Pour l’infectiologue Mohamed Yousfi, chef de service d’infectiologie à l’EPH de Boufarik, au vu du choix fait pour le vaccin russe Sputnik V, la structure hospitalière, à l’instar de toutes les autres structures du pays, est prête pour lancer la vaccination. «Nous n’avons pas besoin de nous préparer, nos équipes des services d’épidémiologie et de médecine préventive ont assez d’expérience en la matière, mais il est urgent de définir une stratégie nationale de vaccination avec un calendrier sur le long terme, identifier les populations cibles et les structures dédiées à cette vaccination.
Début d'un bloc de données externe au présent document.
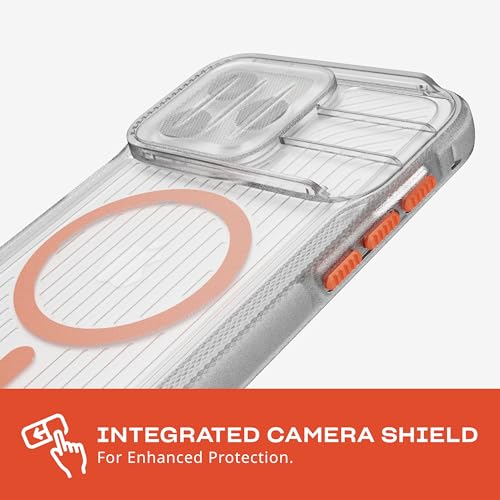 Image of Tech21 Evo Max case for iPhone 15 Pro Max - Compatible with MagSafe - Impact Protection Case -21x Military Standard Tested - Lanyards Included - Vivid Orange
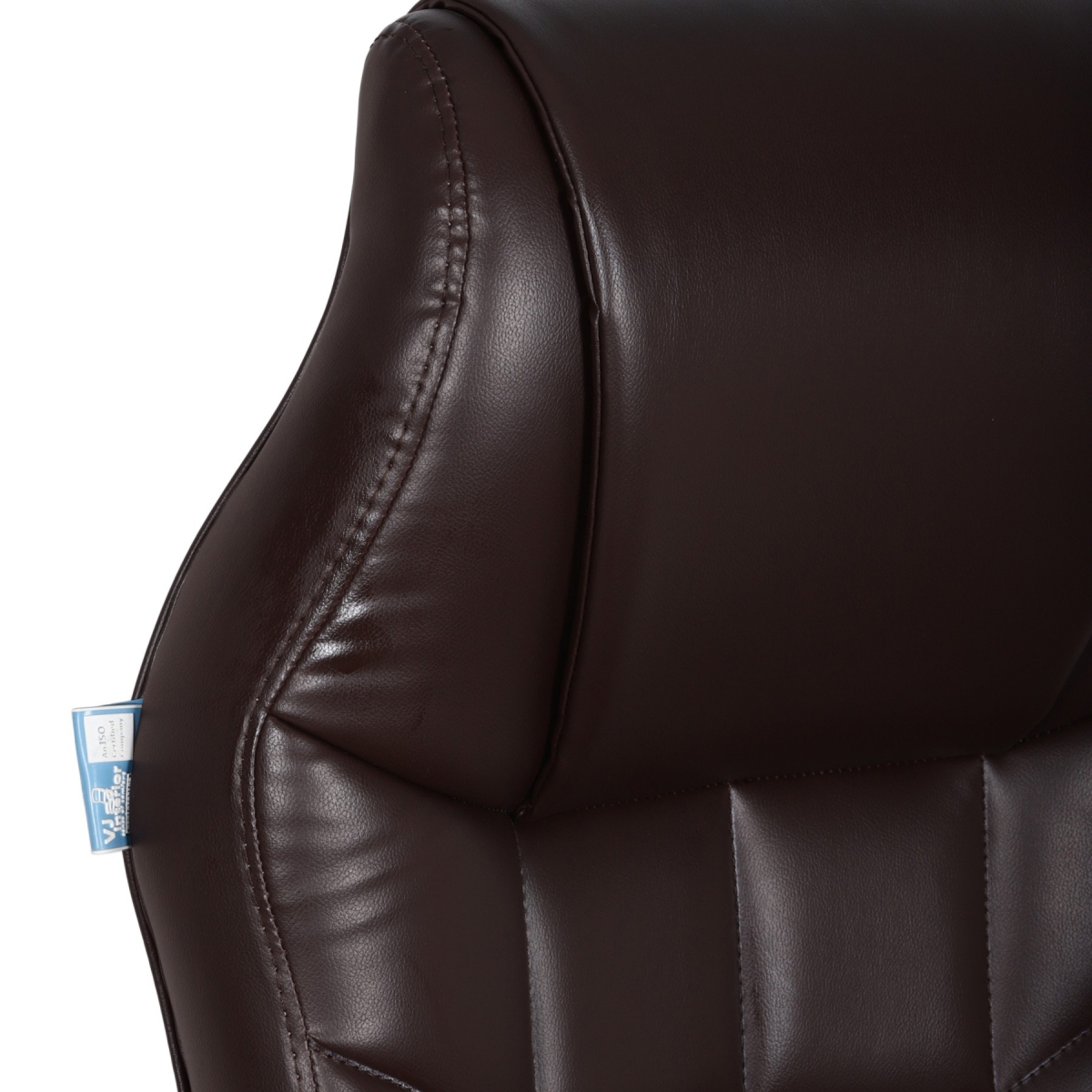 ML-1515-HB Revolving Leather Executive Chair In Brown Color - Image 7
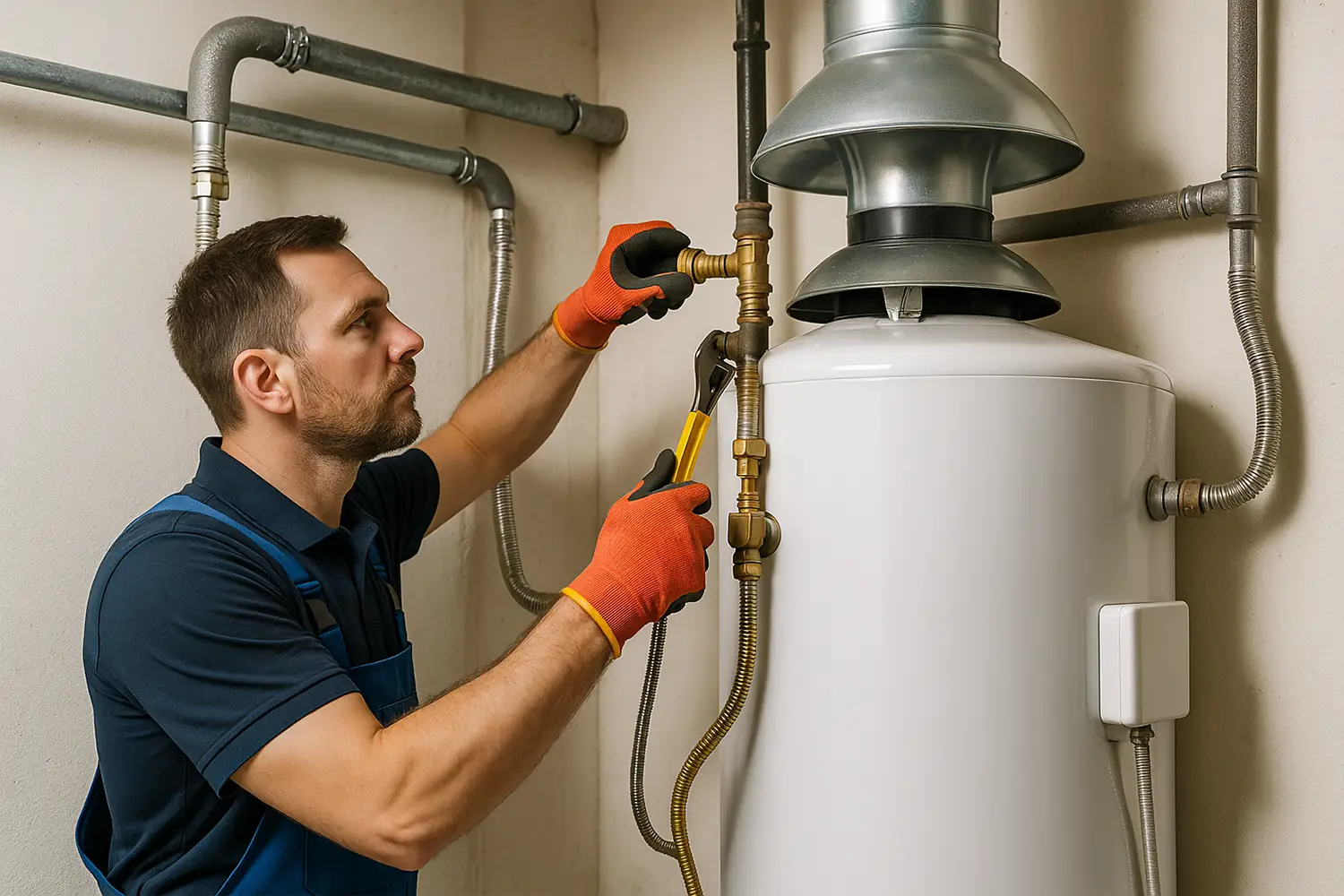 System water heater connection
Les équipes n’attendent que les instructions du ministère de la Santé, de la Population et de la Réforme hospitalière», a déclaré le Dr Yousfi tout en appelant à la mise en place en urgence d’une campagne médiatique de communication et de sensibilisation à l’égard de la population, en attendant l’arrivée du vaccin, pour réussir cette vaccination. «Aujourd’hui, La population a besoin d’être informée, sensibilisée et rassurée. Il est donc important d’intervenir en amont et ne pas attendre jusqu’à l’arrivée des premières doses de vaccin, ce qui est certainement voué à l’échec. Pour le moment, la seule chose que nous savons est que l’Algérie a procédé à la commande de 500 000 doses du vaccin russe Sputnik V. Les professionnels de santé ont besoin de plus de visibilité à propos de cette vaccination contre la Covid-19», a- t-il ajouté. En attendant l’adoption d’une stratégie nationale de vaccination par le comité technique de vaccination, l’Agence nationale des produits pharmaceutiques est sur le point de procéder à l’enregistrement du vaccin russe, conformément à la procédure d’enregistrement basée sur l’évaluation documentaire et technique consacrée par un arrêté ministériel signé par Lotfi Benbahmed, le ministre de l’Industrie pharmaceutique, et publié le 31 décembre dans le Journal officiel. Le dossier est en cours de traitement, avons-nous appris.